England gymnast Max Whitlock believes the Commonwealth Games has proved just how quickly gymnastics is improving in Britain and is quietly confident that can translate into medals in October's World Championships.
The 21-year-old double Olympic bronze medallist achieved his aim of claiming all-around gold in Glasgow by smashing through the much-vaunted 90-point barrier, and now hopes to replicate his form in China later this year alongside the powerhouses of the host nation, Japan and the United States.
Whitlock helped England to team gold while also winning the individual floor title, pommel horse silver and parallel bars bronze, four years on from competing at his first senior major competition at the 2010 Games in Delhi.
"I'm over the moon. It's been an amazing competition and is one of my favourites by far," said Whitlock. "It's just been an amazing experience and has put us in really good stead for the worlds coming up. We're really looking forward to it.
"Going from Delhi I feel like I've made a massive improvement and I've put in a lot of new skills and that's something I'm very pleased about and hopefully I can continue it.
"For this competition it was to hit the 90 mark and over (in the all-around) and I'm happy as I've done that twice here. Hopefully I just need to get that as consistent as I can and if I go to the worlds and get over 90 hopefully that will bring a good result, but as I say it's what happens on the day."
One of the men Whitlock is set to face at the World Championships is Japan's superstar gymnast Kohei Uchimura.
The 25-year-old has won an unprecedented four successive world all-around titles and is widely regarded as the best male gymnast of all time. He is also Whitlock's idol.
"That guy is unbelieveable and he won't be beaten for a long time I think," Whitlock said. "I'm not looking at trying to beat Uchimura now, I'm looking to get the highest score I can and if I can come close to Uchimura I would be honoured. I would be absolutely honoured.
"I'd like to think I'm on his radar. I'd like to think he knows but that guy is one of a kind."
Olympic silver medallist Louis Smith's much-heralded return following a lengthy break from the sport slipped into the realm of sideshow as he could only claim bronze on the pommel horse behind Whitlock and gold medallist Dan Keatings.
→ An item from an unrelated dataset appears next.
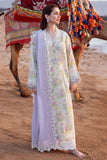 Zaha Zenel Zl23-09 B Luxury Lawn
The 25-year-old is now returning to his media career to sit on the judging panel of new gymnastics entertainment show 'Tumble' but Whitlock thinks he could live up to his word of coming back for the 2015 World Championships in Glasgow ahead of a possible Olympic return in Rio.
"It all depends on the make-up of the team but if he's posting massive scores - if anyone is scoring massive scores - then they deserve to be in the team," Whitlock said.
"It's very hard to have a long break, especially in gymnastics. The longer you have off, the longer it takes to get back into it. It will be a very hard job to do.
"But he's proved he can do it here. Pommel horse isn't the most demanding on the body so pommel horse is a good piece to do it on. He's proved he can bring it back, he's done a good routine but it's hard to say. We'll just have to wait and see."
With Smith out of the limelight until at least next year, it could be 18-year-old Nile Wilson who steps up alongside fit-again Keatings, with the Leeds teenager proving he has what it takes to cut it at senior level after winning high bar gold alongside other impressive performances after only being crowned Junior European champion in May.
"It's getting stronger really quick and hopefully we can keep it up," Whitlock said of Great Britain's strength. "London 2012, that was our first team medal in 100 years and that was really unexpected. It's a big target of ours at the World Championships and it will be a really hard job to get a team medal but that's what we're pushing towards and it's one of our targets, it has to be.
"Our gymnastics is improving and hopefully we will improve as a team, but we will have to wait and see."